RCA: Pienso que esa propuesta de encontrar el yo en la manera en la que los demás te miran, no en mirarte a ti mismo, es justo la idea de la visión de paralaje de Slavoj Žižek. Es decir, no podemos ver nuestra conciencia, pero sí cómo los demás imaginan nuestra propia conciencia. Ese es un valor de la literatura. Y algo que también haces es recuperar el valor de la tradición. Una cualidad fascinante no solo de este, sino de cualquiera de tus libros, es la manera tan ecológica en la que transitas entre campos de significación, entre campos de sentido: el mundo pop, el mundo clásico, el mundo moderno. Todo está ahí porque todo es parte de ese conocimiento, porque todo es parte de esa experiencia de aprender a leer.
JH: Mi formación en literatura clásica se debe a que me formé en bibliotecas públicas de pueblo. Lo cuento de modo melodramático en el libro: el oasis era leer a Homero. Muchos discursos de pensamiento más de avanzada y algunos temas que me interesan los leí después, me tuvieron que hablar de ellos mis amigos que estudiaron en universidades privadas —que además esa era una forma de pensamiento que permeaba la realidad mexicana, a través de la clase media alta, es decir, a través del privilegio.
Pienso que cualquier tradición debería estar en constante construcción, modificación y reelaboración personal.

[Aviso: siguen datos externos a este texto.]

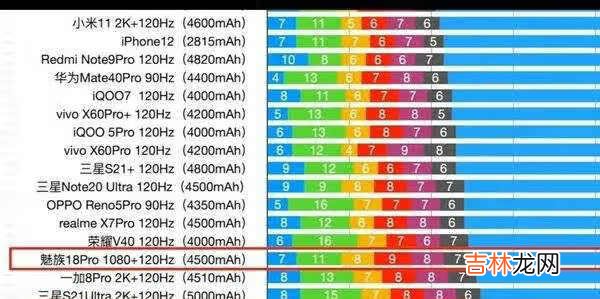 魅族18刷新率怎么样_魅族18刷新率有多少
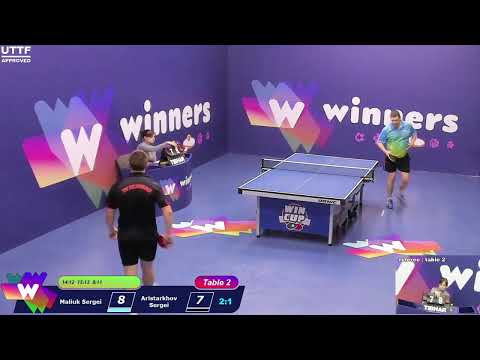 Winners League  16.02.21  Maliuk Sergei - Aristarkhov Sergei  22:30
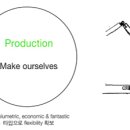 퍼니하우스시스템 이미지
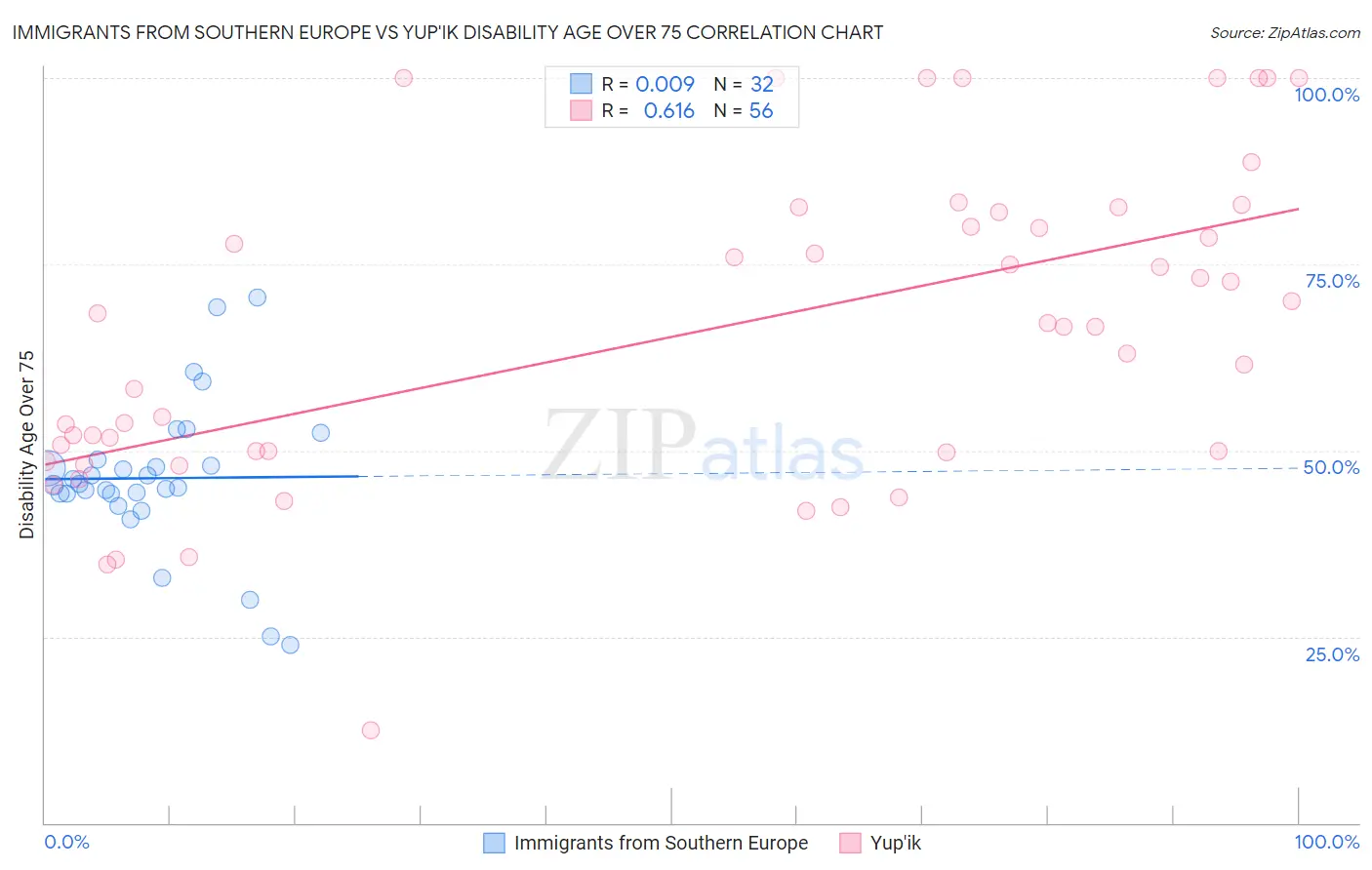 Immigrants from Southern Europe vs Yup'ik Disability Age Over 75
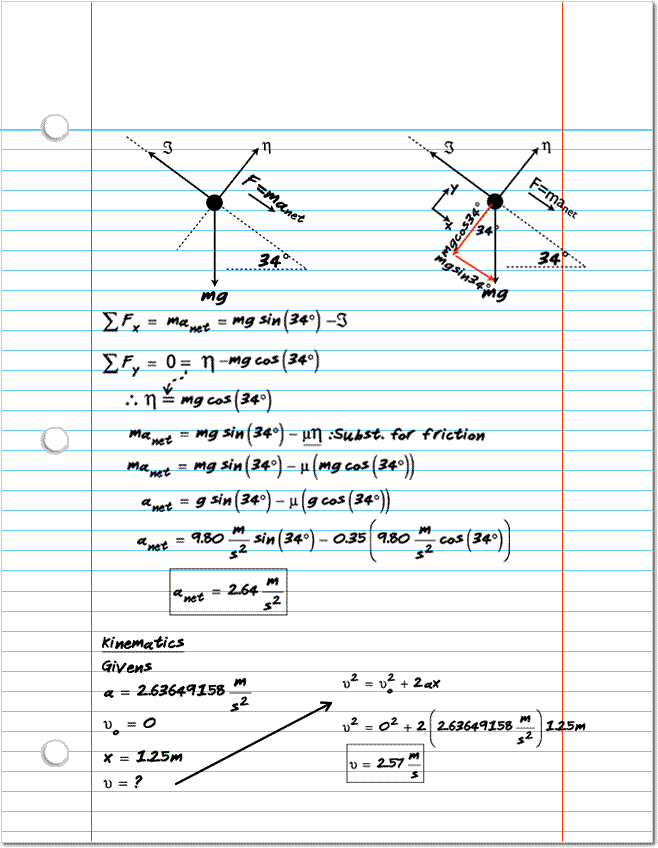 Solution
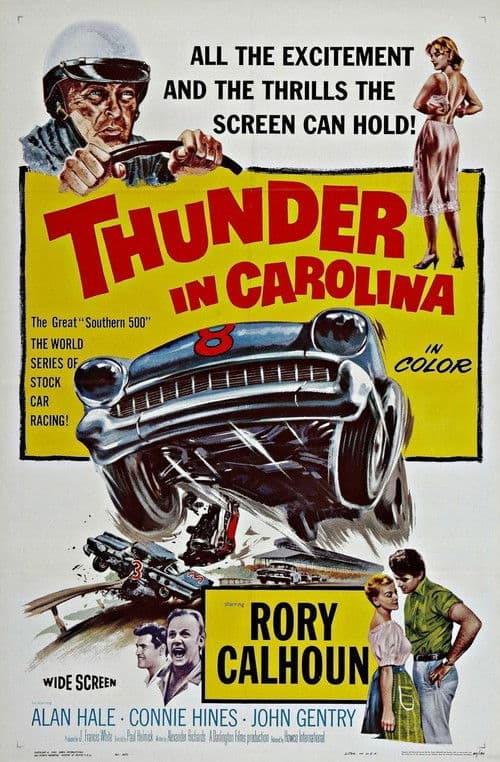 Thunder in Carolinaのポスター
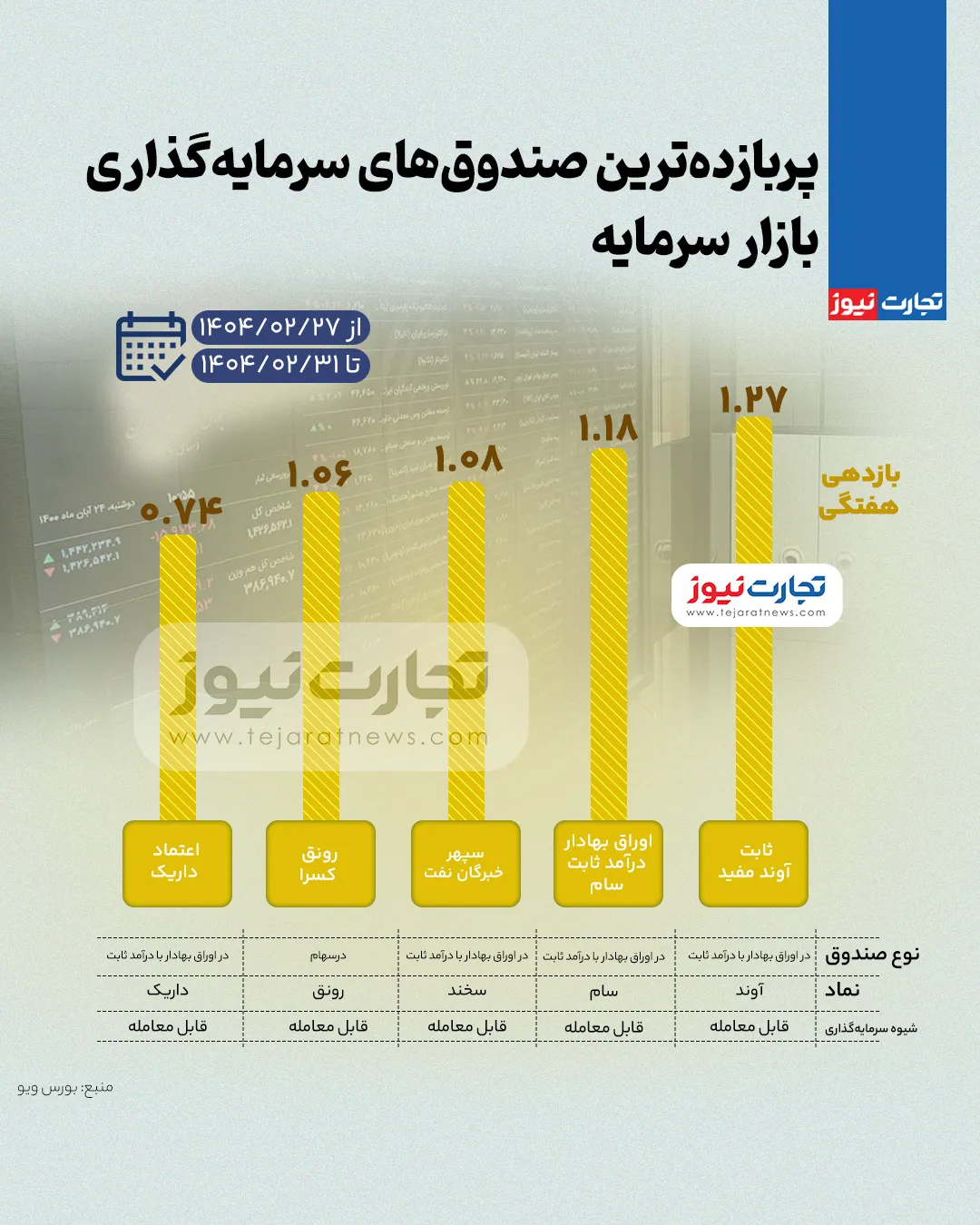 بورس صندوق ak9325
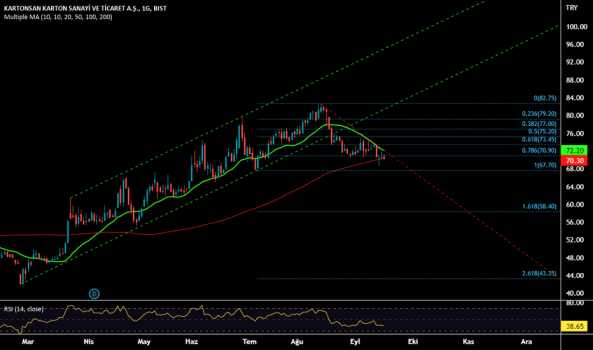1Eylül 18, 2022 19:49 - KARTN - Hisse Yorum ve Teknik Analiz - KARTONSAN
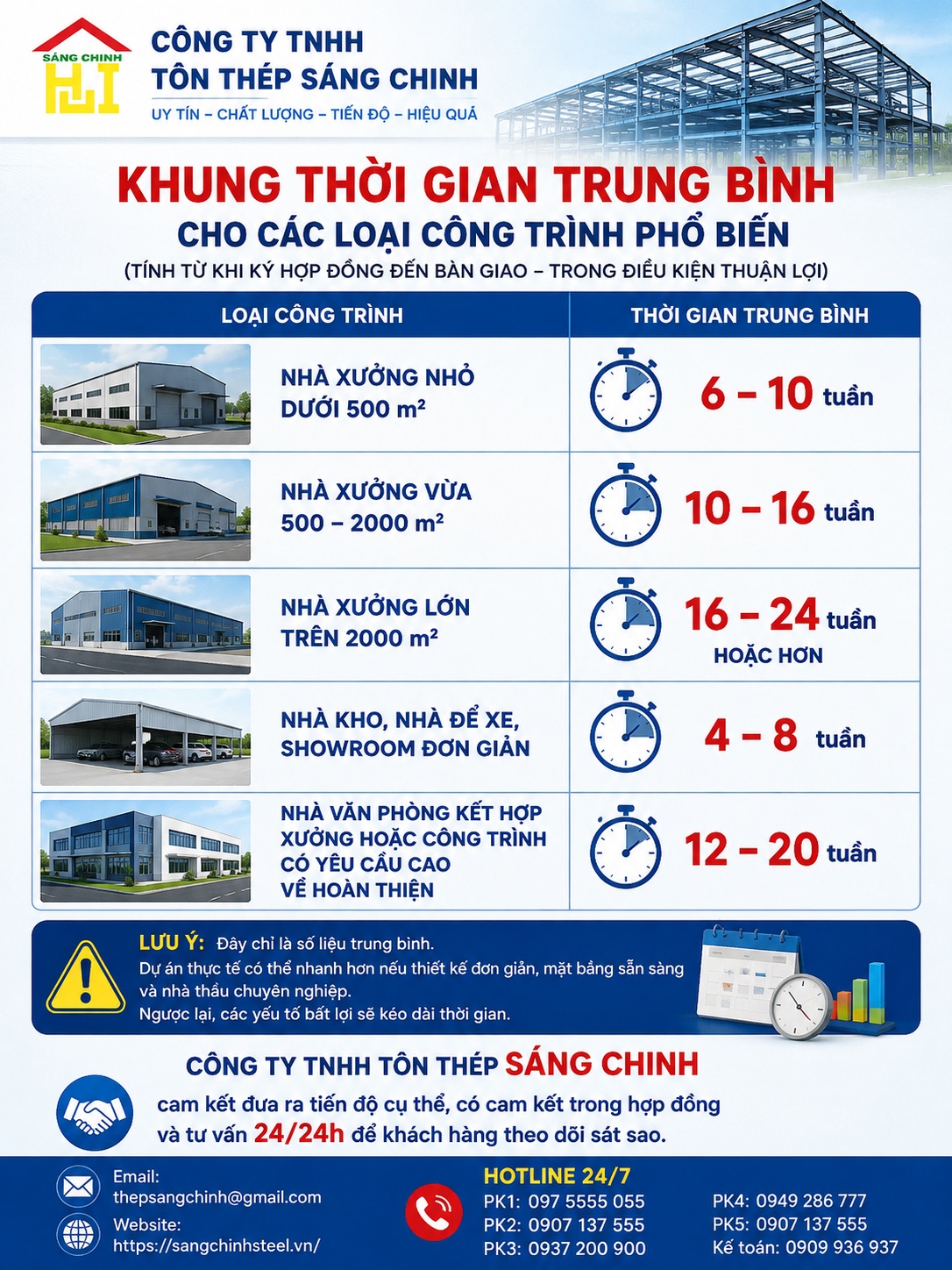 Thời gian thi công nhà thép tiền chế mất bao lâu?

En ese sentido, me interesa una idea que plantea Josu Landa en su libro Canon City sobre el canon reticular. Básicamente dice que nadie crece sin un canon. Cada persona puede construir uno. Independientemente de si coincide o no con el de Bloom, cualquier ejercicio intelectual serio va a construir un canon reticular, es decir, una retícula de distintos cánones que pueden entrecruzarse, que pueden producir redes de significado en las que nos podemos desplazar. Me parece que el problema de sustituir la angustia de las influencias de las que habla Bloom por la angustia de las legitimidades es que se construye un nuevo canon autoritario que deja de lado la idea del canon reticular y las posibilidades de construirnos socialmente cada uno desde sus lugares, escuchando los lugares de los otros.
Suerte de principiante. Once ideas sobre el oficio, de Julián Herbert, 320 páginas.
Julián Herbert (Acapulco, 1971) es escritor, editor y profesor de literatura. Su trayectoria abarca un amplio territorio conformado por actividades literarias —edición, traducción, escritura, colaboración crítica en diversos medios—, pero también musicales y pedagógicas. Entre sus libros están Canción de tumba, Ahora imagino cosas y Suerte de principiante.
Roberto Cruz Arzabal (Ciudad de México, 1982) es editor, investigador, profesor universitario de estudios literarios y autor del libro de poemas Hasta que el musgo.